Pillole di storia
La chiesa parrocchiale di Saint-Maurice di Sarre rivela le sue antiche origine nel campanile romanico, risalente alla fine dell’XI secolo. All’interno dell’abside semicircolare posta alla base della torre campanaria è possibile ammirare i dipinti murali attribuiti a Giacomino da Ivrea e fatti realizzare nel 1430 dal vescovo di Aosta Oger Moriset in occasione dell’incontro a Sarre con Amedeo VIII di Savoia.
Probabilmente si tratta della prima opera del pittore eporediese realizzata sul territorio valdostano.
Scoperti quasi per caso nel 1911, nascosti sotto uno strato di scialbo e da un cielo stellato, i dipinti sono stati riportati alla luce grazie ad un lungo e meticoloso intervento di restauro negli anni ’90 del Novecento.
Al centro del catino, Cristo pantocratore in mandorla circondato dai simboli dei quattro evangelisti. Sul lato sinistro la figura di san Maurizio a cavallo e gli stemmi del vescovo Oger Moriset, committente del ciclo pittorico, e di Guglielmo di Monthey, priore di Sainte-Hélène da cui dipese la parrocchiale di Sarre fino al 1573. Sui piedritti dell’arco trionfale, a sinistra, l’Uomo dei Dolori (Ecce Homo), a destra, il profeta Michea, san Simone e frammenti di figure di apostoli e profeti.
I materiali pittorici
L’opera realizzata da Giacomino da Ivrea per la chiesa di Sarre rappresenta un prezioso esempio di pittura murale quattrocentesca. Essa è stata eseguita ad affresco con rifiniture a secco utilizzando materiali selezionati dall’artista in base alle proprie competenze e conoscenze e in relazione alla facilità di reperimento.
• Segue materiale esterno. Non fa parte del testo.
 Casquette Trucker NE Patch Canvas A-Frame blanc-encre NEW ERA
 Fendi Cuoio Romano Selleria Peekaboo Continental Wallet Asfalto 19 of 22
I minerali, più o meno preziosi, dai quali si ricavavano le polveri dei pigmenti potevano arrivare da territori relativamente vicini (es. terra verde dal Veneto) oppure da luoghi molto più lontani (es. azzurrite dalla Germania). Le scelte dei maestri di bottega dipendevano non tanto dalla disponibilità sul mercato dei materiali quanto dalla padronanza nell’utilizzo degli stessi e dai desideri e dalle risorse economiche della committenza.